E-mail: ptorrey@cfa.harvard.edu

ABSTRACT

We compare the structural properties of galaxies formed in cosmological simulations using the smoothed particle hydrodynamics (SPH) code gadget with those using the moving-mesh code arepo. Both codes employ identical gravity solvers and the same subresolution physics but use very different methods to track the hydrodynamic evolution of gas. This permits us to isolate the effects of the hydro solver on the formation and evolution of galactic gas discs in gadget and arepo haloes with comparable numerical resolution. In a matching sample of gadget and arepo haloes, we fit simulated gas discs with exponential profiles. We find that the cold gas discs formed using the moving-mesh approach have systematically larger disc scale lengths and higher specific angular momenta than their gadget counterparts across a wide range in halo masses. For low-mass galaxies, differences between the properties of the simulated galaxy discs are caused by an insufficient number of resolution elements which lead to the artificial angular momentum transfer in our SPH calculation.
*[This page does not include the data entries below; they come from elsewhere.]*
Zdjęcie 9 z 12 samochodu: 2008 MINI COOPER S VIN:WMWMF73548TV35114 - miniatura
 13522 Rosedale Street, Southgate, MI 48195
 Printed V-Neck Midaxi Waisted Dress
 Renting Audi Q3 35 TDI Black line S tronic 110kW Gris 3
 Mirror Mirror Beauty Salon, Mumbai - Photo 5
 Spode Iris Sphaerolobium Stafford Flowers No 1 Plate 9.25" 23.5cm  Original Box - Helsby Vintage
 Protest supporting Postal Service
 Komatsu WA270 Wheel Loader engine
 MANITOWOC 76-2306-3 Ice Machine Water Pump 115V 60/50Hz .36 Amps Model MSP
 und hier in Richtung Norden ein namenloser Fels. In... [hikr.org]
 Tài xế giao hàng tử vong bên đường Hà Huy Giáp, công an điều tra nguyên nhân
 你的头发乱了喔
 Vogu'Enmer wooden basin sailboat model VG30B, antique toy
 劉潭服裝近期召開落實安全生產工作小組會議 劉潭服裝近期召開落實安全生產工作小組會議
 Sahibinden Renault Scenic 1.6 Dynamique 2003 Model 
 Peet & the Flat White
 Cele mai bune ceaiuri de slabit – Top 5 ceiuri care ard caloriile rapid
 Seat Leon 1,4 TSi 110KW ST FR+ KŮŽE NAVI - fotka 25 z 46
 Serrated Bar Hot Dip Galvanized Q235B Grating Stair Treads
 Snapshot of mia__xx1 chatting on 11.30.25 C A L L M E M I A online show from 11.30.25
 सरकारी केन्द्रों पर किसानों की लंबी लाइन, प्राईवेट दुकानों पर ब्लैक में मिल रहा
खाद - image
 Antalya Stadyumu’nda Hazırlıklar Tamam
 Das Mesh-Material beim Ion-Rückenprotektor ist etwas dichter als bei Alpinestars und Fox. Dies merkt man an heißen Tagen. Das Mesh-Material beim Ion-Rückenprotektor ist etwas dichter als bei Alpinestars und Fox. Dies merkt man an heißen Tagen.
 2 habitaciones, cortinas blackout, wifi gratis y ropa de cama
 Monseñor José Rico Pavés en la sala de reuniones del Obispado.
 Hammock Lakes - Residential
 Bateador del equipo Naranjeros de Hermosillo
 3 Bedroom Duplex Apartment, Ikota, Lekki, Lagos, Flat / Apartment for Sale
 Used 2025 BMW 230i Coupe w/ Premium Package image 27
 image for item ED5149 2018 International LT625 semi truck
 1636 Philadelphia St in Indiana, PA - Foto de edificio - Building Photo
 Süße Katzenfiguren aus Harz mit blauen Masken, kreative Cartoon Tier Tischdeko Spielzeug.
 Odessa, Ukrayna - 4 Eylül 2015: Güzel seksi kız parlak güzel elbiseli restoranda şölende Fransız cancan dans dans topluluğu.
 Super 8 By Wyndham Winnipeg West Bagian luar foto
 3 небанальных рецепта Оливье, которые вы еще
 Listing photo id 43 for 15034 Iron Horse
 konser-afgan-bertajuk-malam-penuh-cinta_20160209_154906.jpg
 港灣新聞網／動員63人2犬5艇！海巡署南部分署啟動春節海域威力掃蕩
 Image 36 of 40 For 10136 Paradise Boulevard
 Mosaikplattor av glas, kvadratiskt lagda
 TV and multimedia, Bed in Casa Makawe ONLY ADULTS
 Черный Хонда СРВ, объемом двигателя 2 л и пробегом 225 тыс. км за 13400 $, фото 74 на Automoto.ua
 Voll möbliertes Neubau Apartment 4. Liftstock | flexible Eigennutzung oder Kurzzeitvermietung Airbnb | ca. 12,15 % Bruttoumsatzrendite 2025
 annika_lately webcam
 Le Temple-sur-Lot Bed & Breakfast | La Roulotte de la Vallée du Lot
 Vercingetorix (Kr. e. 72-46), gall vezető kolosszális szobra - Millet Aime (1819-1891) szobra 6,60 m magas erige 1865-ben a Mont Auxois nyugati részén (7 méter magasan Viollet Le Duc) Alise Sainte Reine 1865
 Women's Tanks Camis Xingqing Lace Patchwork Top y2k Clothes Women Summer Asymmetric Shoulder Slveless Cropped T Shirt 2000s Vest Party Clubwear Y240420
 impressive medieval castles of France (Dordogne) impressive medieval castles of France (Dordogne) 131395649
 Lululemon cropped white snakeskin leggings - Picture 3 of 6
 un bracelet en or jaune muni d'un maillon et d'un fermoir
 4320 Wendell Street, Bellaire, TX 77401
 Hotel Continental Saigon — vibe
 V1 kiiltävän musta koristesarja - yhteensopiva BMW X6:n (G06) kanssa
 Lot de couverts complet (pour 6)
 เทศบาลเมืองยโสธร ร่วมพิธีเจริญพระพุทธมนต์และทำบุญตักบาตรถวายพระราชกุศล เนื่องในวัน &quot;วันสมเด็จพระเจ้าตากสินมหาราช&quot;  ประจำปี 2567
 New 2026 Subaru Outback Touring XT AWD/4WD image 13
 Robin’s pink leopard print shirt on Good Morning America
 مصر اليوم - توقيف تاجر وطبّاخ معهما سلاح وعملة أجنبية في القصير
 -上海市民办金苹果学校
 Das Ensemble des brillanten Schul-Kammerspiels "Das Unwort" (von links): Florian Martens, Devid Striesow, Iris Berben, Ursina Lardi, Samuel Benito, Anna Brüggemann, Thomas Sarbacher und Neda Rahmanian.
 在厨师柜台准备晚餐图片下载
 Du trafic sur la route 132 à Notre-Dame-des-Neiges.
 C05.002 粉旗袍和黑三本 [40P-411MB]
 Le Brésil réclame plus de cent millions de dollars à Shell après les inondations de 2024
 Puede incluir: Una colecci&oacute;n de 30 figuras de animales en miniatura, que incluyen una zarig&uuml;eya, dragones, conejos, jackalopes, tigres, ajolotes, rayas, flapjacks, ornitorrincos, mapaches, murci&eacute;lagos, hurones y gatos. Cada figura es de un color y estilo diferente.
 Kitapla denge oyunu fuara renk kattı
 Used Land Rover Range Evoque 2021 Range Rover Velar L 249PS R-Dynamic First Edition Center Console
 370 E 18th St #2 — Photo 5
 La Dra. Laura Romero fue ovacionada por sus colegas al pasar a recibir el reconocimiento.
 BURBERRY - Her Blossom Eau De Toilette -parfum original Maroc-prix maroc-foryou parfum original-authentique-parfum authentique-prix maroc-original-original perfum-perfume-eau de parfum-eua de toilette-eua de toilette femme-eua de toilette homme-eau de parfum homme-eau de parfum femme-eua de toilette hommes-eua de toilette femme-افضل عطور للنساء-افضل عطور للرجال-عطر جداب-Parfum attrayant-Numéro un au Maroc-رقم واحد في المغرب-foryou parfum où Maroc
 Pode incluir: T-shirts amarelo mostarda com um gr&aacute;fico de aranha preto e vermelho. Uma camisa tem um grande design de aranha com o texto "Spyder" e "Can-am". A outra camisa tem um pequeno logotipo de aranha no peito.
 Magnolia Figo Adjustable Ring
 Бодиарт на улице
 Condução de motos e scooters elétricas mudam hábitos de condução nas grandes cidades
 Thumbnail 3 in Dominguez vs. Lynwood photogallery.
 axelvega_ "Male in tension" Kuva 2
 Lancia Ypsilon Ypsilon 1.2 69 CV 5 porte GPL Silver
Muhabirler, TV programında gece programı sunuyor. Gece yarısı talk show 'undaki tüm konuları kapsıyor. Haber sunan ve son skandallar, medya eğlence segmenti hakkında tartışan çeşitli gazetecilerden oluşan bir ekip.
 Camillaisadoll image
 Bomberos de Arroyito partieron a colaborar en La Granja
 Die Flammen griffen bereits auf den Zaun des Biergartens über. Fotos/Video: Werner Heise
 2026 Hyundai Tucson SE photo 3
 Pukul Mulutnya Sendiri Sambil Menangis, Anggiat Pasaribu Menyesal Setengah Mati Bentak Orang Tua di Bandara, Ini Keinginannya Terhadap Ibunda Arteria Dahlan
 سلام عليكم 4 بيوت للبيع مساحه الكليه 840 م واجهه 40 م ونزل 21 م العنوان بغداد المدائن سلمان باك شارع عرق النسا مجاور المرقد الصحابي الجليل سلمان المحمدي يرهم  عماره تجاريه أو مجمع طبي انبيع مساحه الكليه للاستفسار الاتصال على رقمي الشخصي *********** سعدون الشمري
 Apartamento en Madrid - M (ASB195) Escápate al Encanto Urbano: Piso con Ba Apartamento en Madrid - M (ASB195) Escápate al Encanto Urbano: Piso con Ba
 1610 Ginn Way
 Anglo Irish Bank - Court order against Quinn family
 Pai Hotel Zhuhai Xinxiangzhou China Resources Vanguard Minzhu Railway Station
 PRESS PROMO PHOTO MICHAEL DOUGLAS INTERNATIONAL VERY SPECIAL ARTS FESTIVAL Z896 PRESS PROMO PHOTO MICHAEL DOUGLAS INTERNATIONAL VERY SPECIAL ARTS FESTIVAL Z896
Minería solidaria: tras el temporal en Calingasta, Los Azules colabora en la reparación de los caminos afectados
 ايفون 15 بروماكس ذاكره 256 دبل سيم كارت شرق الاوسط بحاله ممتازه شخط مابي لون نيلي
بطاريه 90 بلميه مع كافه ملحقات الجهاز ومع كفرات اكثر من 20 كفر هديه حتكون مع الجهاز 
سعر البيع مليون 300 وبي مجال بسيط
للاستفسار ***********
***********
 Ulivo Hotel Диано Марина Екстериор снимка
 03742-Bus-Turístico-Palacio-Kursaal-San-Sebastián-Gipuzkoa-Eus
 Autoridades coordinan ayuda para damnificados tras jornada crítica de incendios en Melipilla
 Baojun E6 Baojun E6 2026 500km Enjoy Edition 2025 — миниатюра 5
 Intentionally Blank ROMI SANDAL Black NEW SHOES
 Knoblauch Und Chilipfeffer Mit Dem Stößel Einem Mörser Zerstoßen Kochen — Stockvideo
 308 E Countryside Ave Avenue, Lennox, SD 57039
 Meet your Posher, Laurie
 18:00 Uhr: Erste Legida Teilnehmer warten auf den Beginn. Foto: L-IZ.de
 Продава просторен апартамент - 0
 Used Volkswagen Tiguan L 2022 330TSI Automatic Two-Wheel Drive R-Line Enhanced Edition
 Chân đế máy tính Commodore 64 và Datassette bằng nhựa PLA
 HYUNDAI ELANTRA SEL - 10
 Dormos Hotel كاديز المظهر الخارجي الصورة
We however find that galactic discs formed in massive haloes, resolved with ≥106 particles/cells, are still systematically smaller in the gadget run by a factor of ∼2. The reason for this is twofold: (i) the excessive heating of haloes close to the cooling radius due to spurious dissipation of the subsonic turbulence in gadget reduces the supply of gas which can cool and settle on to the central disc; (ii) the efficient delivery of low angular momentum gaseous blobs to the bottom of the potential well results in the centrally concentrated gas discs in gadget simulation. While this large population of gaseous blobs in gadget originates from the filaments which are pressure confined and fragment due to the SPH surface tension while infalling into hot halo atmospheres, it is essentially absent in the moving-mesh calculation, clearly indicating numerical rather than physical origin of the blob material.